▶ [GIVEN ENTRIES]
-- Opening Marker --

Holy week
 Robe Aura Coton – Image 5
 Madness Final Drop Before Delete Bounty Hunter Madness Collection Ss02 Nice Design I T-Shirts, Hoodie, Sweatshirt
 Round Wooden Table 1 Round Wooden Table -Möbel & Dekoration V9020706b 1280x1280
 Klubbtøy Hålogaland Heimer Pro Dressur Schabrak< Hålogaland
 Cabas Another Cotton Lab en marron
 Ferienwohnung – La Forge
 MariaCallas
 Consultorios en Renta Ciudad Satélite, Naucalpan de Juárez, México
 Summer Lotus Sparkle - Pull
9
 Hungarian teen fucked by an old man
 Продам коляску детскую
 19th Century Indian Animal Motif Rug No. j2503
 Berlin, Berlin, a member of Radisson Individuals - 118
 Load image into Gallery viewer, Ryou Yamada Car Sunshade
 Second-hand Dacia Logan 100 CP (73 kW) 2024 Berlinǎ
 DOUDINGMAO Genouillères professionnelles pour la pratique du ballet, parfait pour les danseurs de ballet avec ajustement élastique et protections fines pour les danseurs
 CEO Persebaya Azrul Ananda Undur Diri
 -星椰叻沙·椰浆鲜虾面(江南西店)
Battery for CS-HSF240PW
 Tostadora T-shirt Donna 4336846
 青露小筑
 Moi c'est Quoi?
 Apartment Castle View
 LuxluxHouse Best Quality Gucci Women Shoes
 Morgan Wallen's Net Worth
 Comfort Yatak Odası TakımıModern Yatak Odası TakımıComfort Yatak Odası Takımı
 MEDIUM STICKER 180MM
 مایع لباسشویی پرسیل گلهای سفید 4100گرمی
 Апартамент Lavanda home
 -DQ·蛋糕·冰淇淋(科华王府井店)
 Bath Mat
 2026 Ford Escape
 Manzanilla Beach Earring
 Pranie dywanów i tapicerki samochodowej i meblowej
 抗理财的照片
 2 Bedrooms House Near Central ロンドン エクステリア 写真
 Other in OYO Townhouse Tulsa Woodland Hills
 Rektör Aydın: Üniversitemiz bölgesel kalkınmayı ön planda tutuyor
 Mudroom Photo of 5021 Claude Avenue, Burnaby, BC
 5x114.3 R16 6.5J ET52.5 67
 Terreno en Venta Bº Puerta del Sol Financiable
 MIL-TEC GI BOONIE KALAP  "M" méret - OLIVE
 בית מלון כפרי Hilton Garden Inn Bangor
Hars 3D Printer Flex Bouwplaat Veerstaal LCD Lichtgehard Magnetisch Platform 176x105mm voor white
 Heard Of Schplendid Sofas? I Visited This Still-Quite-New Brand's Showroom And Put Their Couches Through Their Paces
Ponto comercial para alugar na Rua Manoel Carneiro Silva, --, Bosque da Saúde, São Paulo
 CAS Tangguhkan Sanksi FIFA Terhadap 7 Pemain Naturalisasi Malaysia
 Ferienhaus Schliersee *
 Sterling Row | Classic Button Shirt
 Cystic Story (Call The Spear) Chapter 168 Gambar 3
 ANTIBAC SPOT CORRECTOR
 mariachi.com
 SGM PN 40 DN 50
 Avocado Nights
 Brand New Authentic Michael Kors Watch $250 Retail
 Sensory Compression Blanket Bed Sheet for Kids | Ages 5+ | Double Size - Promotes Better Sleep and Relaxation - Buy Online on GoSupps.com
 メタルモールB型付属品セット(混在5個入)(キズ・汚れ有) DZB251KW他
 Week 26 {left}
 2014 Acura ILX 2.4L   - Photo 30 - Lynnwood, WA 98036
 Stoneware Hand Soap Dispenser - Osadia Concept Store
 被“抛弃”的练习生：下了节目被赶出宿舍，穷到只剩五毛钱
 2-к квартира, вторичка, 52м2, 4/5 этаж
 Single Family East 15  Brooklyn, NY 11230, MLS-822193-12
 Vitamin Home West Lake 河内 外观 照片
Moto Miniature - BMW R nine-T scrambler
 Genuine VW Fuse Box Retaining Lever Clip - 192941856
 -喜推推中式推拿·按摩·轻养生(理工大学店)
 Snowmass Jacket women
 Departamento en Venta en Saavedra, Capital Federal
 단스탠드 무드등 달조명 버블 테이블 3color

-- Closing Marker --

▶ [TASK TO COMPLETE] When the word "Brand" appears in a line of the listing, copy that line.

▶ [COMPLETED TASK]
 Heard Of Schplendid Sofas? I Visited This Still-Quite-New Brand's Showroom And Put Their Couches Through Their Paces
 Brand New Authentic Michael Kors Watch $250 Retail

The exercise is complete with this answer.